Two years ago, our organization co-published a report with White Coat Waste on universities’ failure to comply with a federal law requiring them to disclose the source of funding in their research results and press materials. Out of the 100 examples covering $246 million in National Institute of Health grants we reviewed, not a single one had the proper disclosures posted on their website.
It turns out, taxpayer transparency is not the only area where compliance with disclosure laws is woefully insufficient at the Department of Health and Human Services (HHS). Last month, the HHS Office of the Inspector General released an audit of the National Institute of Health (NIH) grant recipients’ compliance with its conflicts of interest policy. Per a 2011 NIH regulation, institutions that receive NIH funds are required to post their conflicts of interest policy on their publicly available website.*
The IG found that over half of the institutions (1013 of 1875) that received NIH grant funding in 2018 did not have the required disclosures on their website. In a random sampling of the 90 institutions that were out of compliance, over half of those did not have a conflicts of interest policy at all!

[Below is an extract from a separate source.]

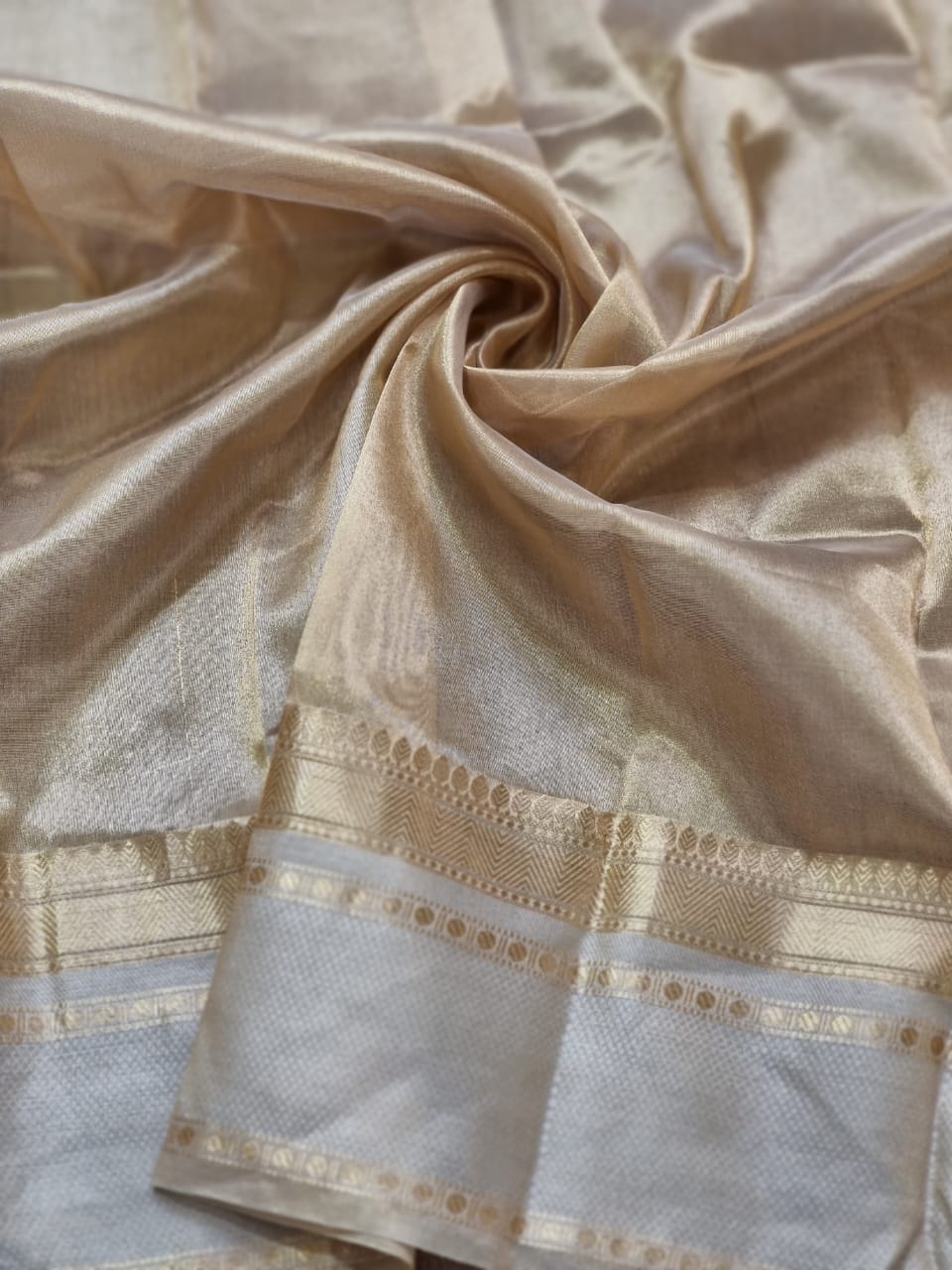 Handwoven Pure Double Tissue Silk Katan Check Saree - Natural Golden shade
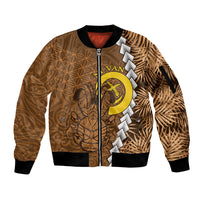 Vanuatu Coconut Crab Sleeve Zip Bomber Jacket Ni-Van Tropical Leaves With Sand Drawing Art LT14 Unisex Brown - Polynesian Pride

These institutions received $1.2 billion in federal funding in 2018.
Why does this matter?
Because conflicts of interests can corrupt the integrity of the research that our tax dollars are paying for. Senator Grassley (R-IA) has been doggedly working to root out conflicts of interest in federal research for over a decade. He has found beer and liquor companies funding and collaborating closely with researchers on alcohol consumption studies. Or Coca-Cola redirecting research away from soda consumption’s link to obesity with a lack of exercise.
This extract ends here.